Sensé with an s means reasonable, sensible. For example, you could say:

  • Il est sensé, il tient toujours des propos sensés. (He’s sensible, he always talks sense.)


Censé, on the other hand, means supposed to, meant to:

  • Il est censé partir à 11 heures. (He’s supposed to leave at 11.)


Useful tip! To remember which is which, remember that the one starting with ssensé– is the one that means sensible, i.e. full of common sense and note the similarity in spelling.

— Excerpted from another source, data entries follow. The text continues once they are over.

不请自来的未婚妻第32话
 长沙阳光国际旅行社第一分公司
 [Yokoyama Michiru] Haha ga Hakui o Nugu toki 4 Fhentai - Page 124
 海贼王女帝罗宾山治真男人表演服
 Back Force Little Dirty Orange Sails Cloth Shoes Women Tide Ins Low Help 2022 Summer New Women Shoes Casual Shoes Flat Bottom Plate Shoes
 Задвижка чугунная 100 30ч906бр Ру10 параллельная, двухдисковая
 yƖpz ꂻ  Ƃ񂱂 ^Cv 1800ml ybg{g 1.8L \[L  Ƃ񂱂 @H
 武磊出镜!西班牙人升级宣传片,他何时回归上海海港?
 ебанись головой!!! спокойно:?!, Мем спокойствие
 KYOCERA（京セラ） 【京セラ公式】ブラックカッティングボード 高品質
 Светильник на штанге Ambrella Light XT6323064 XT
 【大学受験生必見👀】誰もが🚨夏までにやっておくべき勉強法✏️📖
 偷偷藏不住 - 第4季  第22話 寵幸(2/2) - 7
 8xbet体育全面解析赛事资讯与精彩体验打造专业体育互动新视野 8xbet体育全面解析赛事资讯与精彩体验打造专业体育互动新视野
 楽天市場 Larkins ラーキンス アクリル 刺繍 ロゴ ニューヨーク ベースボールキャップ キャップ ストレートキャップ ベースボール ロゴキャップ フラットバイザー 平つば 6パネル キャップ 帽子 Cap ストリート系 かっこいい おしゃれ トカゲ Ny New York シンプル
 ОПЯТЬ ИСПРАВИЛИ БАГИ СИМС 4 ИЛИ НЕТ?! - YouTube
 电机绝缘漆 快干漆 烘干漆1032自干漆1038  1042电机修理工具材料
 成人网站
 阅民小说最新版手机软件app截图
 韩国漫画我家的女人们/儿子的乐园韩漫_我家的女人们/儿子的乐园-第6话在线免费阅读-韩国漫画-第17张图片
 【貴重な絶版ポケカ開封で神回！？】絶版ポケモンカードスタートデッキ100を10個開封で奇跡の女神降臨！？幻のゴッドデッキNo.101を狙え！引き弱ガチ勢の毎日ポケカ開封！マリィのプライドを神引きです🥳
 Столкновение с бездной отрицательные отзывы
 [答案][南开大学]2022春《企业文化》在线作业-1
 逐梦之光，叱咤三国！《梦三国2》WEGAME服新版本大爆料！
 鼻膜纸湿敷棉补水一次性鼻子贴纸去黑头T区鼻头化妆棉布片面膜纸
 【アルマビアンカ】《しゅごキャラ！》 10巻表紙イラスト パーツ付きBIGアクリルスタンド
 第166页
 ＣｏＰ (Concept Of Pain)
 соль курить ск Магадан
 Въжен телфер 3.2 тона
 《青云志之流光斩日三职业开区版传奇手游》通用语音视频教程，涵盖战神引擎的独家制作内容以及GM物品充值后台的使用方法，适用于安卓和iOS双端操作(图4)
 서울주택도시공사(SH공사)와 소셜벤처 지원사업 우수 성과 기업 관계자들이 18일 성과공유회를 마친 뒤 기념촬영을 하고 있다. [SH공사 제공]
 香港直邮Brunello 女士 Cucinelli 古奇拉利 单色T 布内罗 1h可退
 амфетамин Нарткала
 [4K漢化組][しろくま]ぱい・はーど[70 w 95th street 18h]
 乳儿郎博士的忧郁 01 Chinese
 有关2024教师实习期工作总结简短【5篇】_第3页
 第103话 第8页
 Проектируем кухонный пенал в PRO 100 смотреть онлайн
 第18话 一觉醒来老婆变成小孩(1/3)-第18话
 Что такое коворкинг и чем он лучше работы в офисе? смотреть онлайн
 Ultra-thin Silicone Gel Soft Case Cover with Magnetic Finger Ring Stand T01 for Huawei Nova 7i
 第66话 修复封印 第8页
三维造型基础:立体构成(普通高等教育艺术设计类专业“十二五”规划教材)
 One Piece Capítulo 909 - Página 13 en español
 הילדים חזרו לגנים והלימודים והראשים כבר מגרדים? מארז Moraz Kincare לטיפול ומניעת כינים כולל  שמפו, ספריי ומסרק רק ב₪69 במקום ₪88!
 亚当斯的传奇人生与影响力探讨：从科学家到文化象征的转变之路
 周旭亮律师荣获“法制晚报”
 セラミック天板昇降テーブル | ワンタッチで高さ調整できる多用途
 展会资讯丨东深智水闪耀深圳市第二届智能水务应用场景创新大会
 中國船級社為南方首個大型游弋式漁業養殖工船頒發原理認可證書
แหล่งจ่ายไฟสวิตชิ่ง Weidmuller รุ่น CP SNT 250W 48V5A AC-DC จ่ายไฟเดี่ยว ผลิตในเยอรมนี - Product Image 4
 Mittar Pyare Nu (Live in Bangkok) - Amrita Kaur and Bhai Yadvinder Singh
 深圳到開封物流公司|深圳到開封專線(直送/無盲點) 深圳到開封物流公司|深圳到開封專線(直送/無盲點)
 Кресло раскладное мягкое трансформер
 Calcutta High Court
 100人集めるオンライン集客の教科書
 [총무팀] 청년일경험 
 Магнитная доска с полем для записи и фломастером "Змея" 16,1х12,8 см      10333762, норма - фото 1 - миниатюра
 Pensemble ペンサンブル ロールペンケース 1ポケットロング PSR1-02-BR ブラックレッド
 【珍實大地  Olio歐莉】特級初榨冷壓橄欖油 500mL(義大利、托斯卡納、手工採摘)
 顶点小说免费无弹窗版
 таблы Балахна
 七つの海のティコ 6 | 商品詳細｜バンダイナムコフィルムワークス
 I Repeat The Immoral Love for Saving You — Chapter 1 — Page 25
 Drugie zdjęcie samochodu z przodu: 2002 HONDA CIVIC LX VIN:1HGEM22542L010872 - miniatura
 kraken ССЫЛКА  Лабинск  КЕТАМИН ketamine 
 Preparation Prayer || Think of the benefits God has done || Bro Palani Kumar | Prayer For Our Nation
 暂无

Note that both sensé and censé are adjectives, so don’t forget to add an e and/or an s if it’s feminine and/or plural. Hence, you can get the following forms:

  • Censé, censée, censés, censées
  • Sensé, sensée, sensés, sensées

All forms are pronounced exactly in the same way. In a conversation, the context will be your guide to know whether the person is saying censé or sensé.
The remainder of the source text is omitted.